Today’s News & Commentary — September, 19, 2018
WeWork has reached a settlement agreement with the Attorneys General of New York and Illinois to remove or alter noncompete clauses included in the company’s employment contracts. Prior to the settlement, most of WeWork’s staff—including custodians, baristas, and receptionists—were contractually barred from working at competitors for a year after leaving the company. New York is one among many states moving to restrict employers’ use of noncompete clauses. Earlier this year, seven fast food chains settled with the Attorney General of Washington state to remove provisions that prevented their employees from seeking work with other restaurants within the same chain, while Massachusetts recently passed a bill requiring employers to pay a portion of an employee’s salary if that employee is barred from working for a competitor. OnLabor contributors have written on the impact of noncompetes several times in the past.

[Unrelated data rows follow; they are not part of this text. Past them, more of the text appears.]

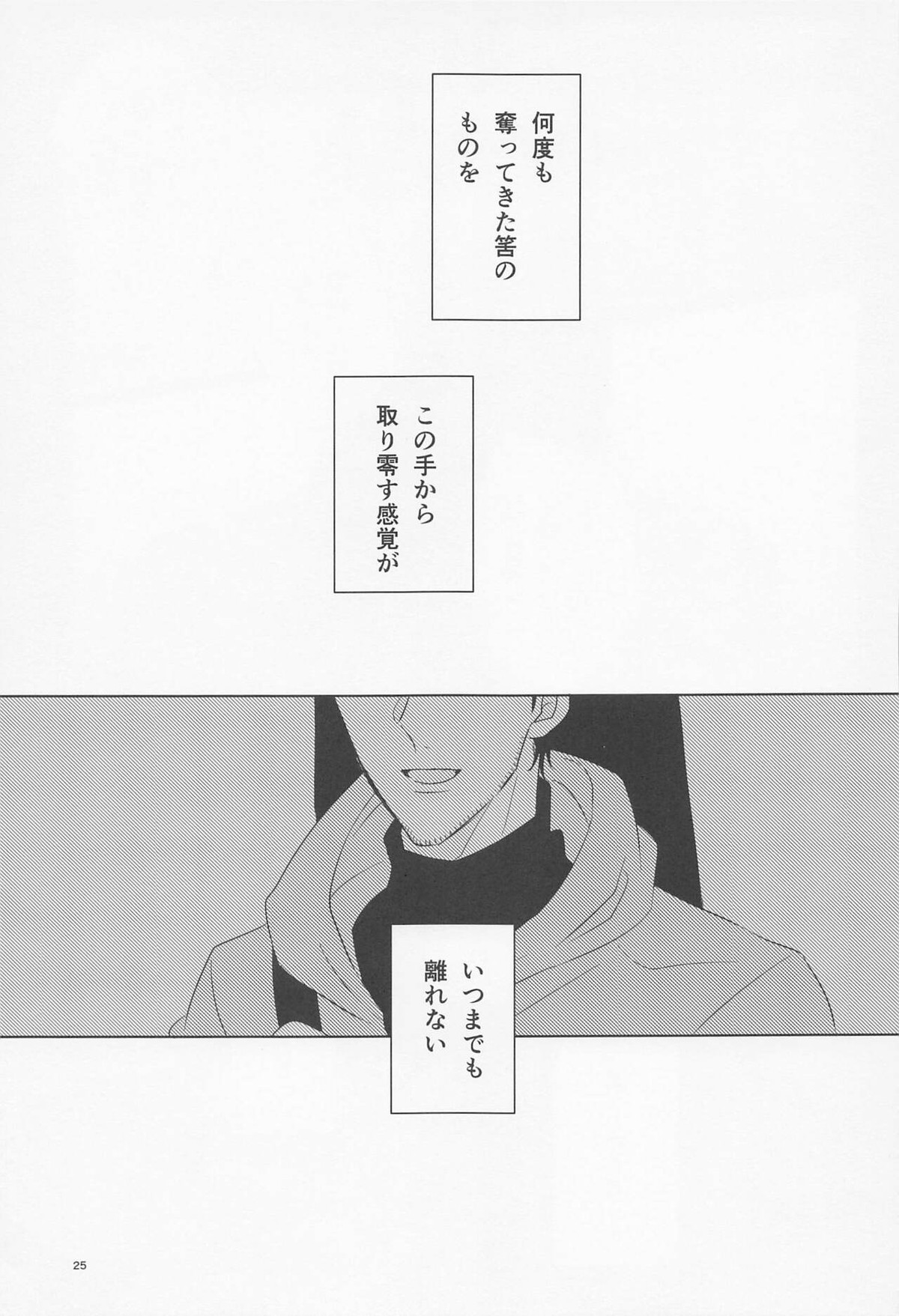 オオカミとショートケーキ【名探偵コナン/赤降(赤井×降谷)】 page 24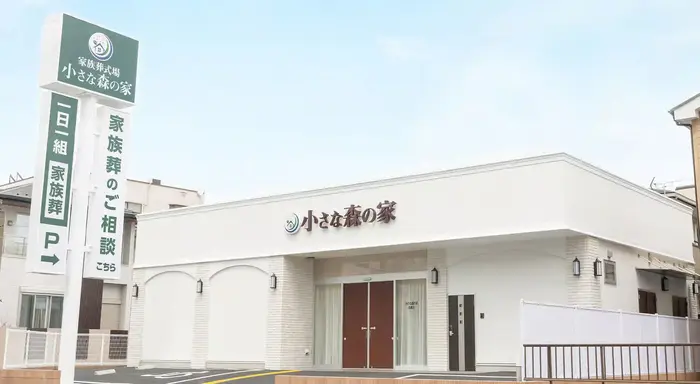 小さな森の家 越谷弥十郎で葬儀を行なった写真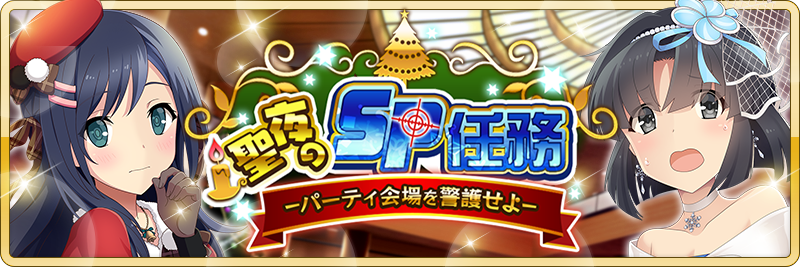 イベント詳細 聖夜のsp任務ーパーティ会場を警護せよ いつも 刀使ノ巫女 刻みし一閃の燈火 をご利用いただき 誠にありがとうございます 年12月01日 火 12 00より 期間限定イベント 聖夜のsp任務ーパーティ会場を警護せよー が開催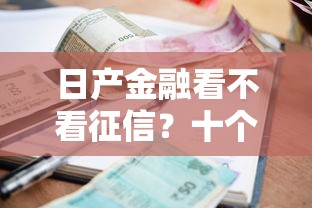 日产金融看不看征信？十个逾期也不怕的可以贷款平台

A divided Ninth Circuit court ruled en banc yesterday that restaurants are required to pay servers and bartenders the minimum wage while performing untipped work that is not within their primary duties, like cleaning and preparing food. The majority opinion, written by Judge Richard Paez, noted that tips are “a gift to the server,” rather than a “cost-saving benefit to the employer.” Currently, the Fair Labor Standards Act allows employers to pay waitstaff as little as $2.13 per hour as long as they receive the minimum wage via tips. However, Obama-era Department of Labor guidance limits employers’ ability to claim tip credits only “for time spent in duties related to the tipped occupation.” Fourteen servers and bartenders will now be able to proceed with lawsuits against a number of restaurants, including IHOP and P.F. Chang’s, for alleged underpayment.
As expected, McDonald’s workers across the country staged walkouts to protest sexual harassment on the job yesterday. The one-day strike, which took place in ten cities including Chicago, Los Angeles, and San Francisco, was the first nationwide strike to specifically call for an end to workplace sexual harassment. The striking workers recounted stories of rampant sexual harassment and abuse, and accused McDonald’s of failing to address the problem despite multiple complaints with the Equal Employment Opportunity Commission. They are demanding that the company require managers and franchise owners to undergo anti-harassment training and form a national committee comprised of workers, management, and women’s groups to address the issue. A 2016 study by Hart Research Associates found that 40 percent of women who work in the fast food industry have experienced sexual harassment on the job.
The American Civil Liberties Union, the Communications Workers of America, and three job seekers have filed a complaint with the Equal Employment Opportunity Commission against Facebook and ten companies for discriminating against women and gender non-binary people by publishing job ads targeted toward men. The complainants allege that Facebook violated Title VII of the Civil Rights Act of 1968, which prohibits employers from discriminating on the basis of race, color, religion, sex, or national origin, and the Supreme Court’s decision in Pittsburgh Press Co., which upheld a municipal ordinance preventing employers from publishing classified ads targeting one sex, by routinely denying individuals the opportunity to receive job advertisements for traditionally male-dominated positions, including police and mechanics. Facebook announced that it would defend its practices and stated that there is “no place for discrimination” at the company.
John W. Wilhelm, the former president of Unite Here, published a letter in the New York Times detailing the fight for wage parity at Harvard University and the role that United Here Local 26 and Service Employees Local 32BJ played in that struggle. As previously reported, contract service workers at Harvard earn more than their peers thanks to the university’s Wage Benefits and Parity Policy.